7. The method for automatically deploying WiFi access point information map construction according to claim 1, characterized in that, S3 includes: S31. Perform the desired solution operation and fix the current parameter estimate. The parameter estimates Set the device location; calculate the hidden variable. Relative to observation data The conditional expectation; based on the conditional expectation, under the current observed data and the current parameter estimation, the weighted average of the corresponding latent variable values is used to obtain the expected log-likelihood function. : In the formula, It is a complete log-likelihood function. These are the parameters we want to estimate. S32. Perform the maximization operation; update the parameter estimate using the conditional expectation. S33. By alternately executing steps S31 and S32, the parameter estimate is tuned using a SAGE-like algorithm. This continues until the preset convergence condition is met.
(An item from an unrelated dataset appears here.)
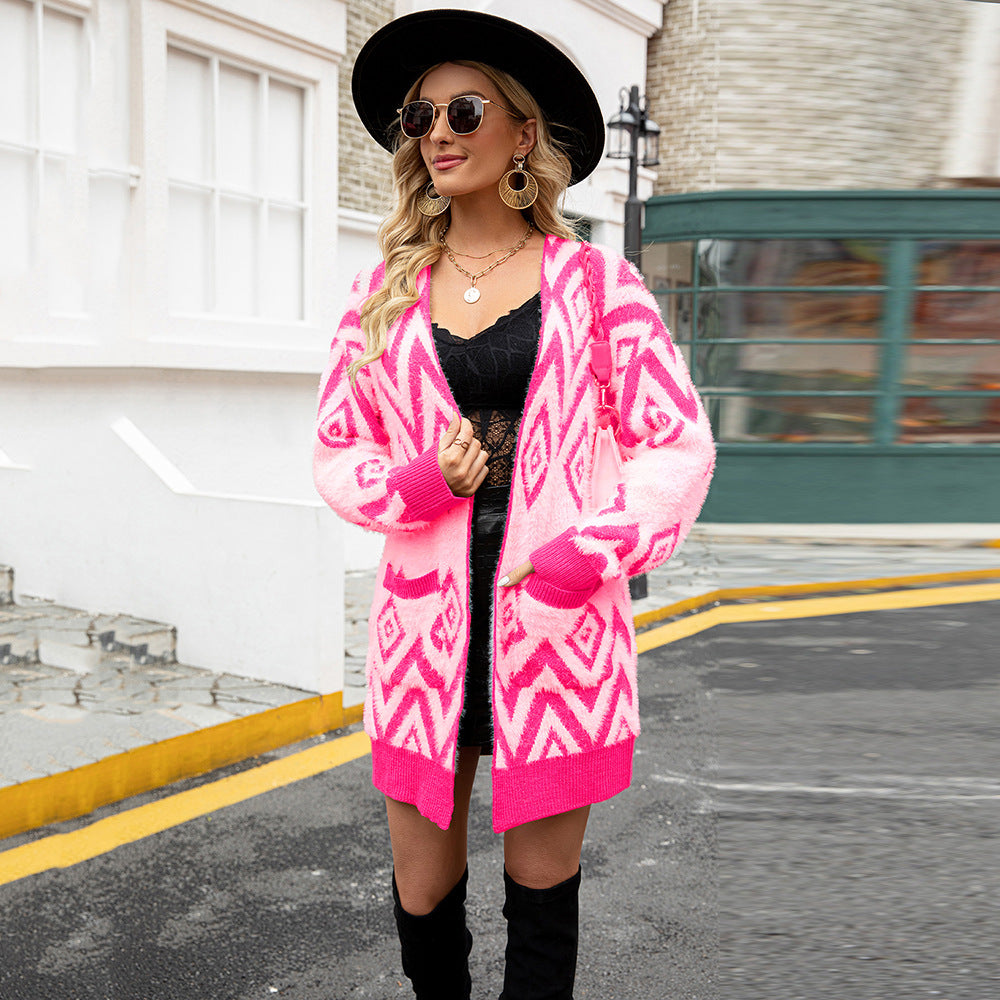 Cardigan pour femme avec un col V profond et un motif géométrique Chic & Stil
8. The method for automatically deploying WiFi access point information map construction according to claim 7, characterized in that, In step S32, the expected log-likelihood function To find the maximum and minimum values, the expected log-likelihood function is obtained. Parameters for obtaining the maximum and minimum values : 。 9. The method for automatically deploying WiFi access point information map construction according to claim 7, characterized in that, In step S33, the parameter estimate is tuned using the following logic. : In the formula, It is the first The parameter estimates for the next iteration.
10. An automated deployment system for building WiFi access point information maps, characterized in that: The system includes: The channel variation feature analysis module is used to perform high-pass and low-pass filtering on the signal to extract human motion-related information; calculate the ratio of received signals from different antennas to perform phase offset correction on the original CSI signal; obtain human motion signal variation data through time-frequency analysis, analyze the signal using the STFT method, analyze the energy distribution of the signal on the time axis, identify the energy concentration area, and obtain the energy highest point PLCR; The data-driven framework training module is used to establish the correlation between the highest energy point PLCR, human movement speed, and user's human position, acquire and utilize the model prediction framework to solve the trajectory in reverse, incorporate human movement constraints and spatial constraints into the simulation dataset, use the speed constraint in the movement constraints to derive the feasible region of the target position, generate a preset number of simulation trajectory sequences to cover the feasible region, calculate the simulated PLCR sequence based on the simulation trajectory sequence to obtain the feature dataset, train the data-driven framework model, and process it to obtain the predicted trajectory. The data-driven framework training module is connected to the channel change feature analysis module. A SAGE-like iterative solution module is used to fix the current parameter estimates. Let's assume the location is the equipment location; calculate the latent variables. Relative to observation data The expected value of the condition is obtained by performing an expectation calculation operation to obtain latent variables. The parameter estimates are updated based on the expected values of the latent variables. The expectation calculation operation and the maximization operation are performed alternately. The parameter estimates are iteratively optimized using a SAGE-like algorithm until the preset convergence condition is met. The SAGE-like iterative solution module is connected to the data-driven framework training module.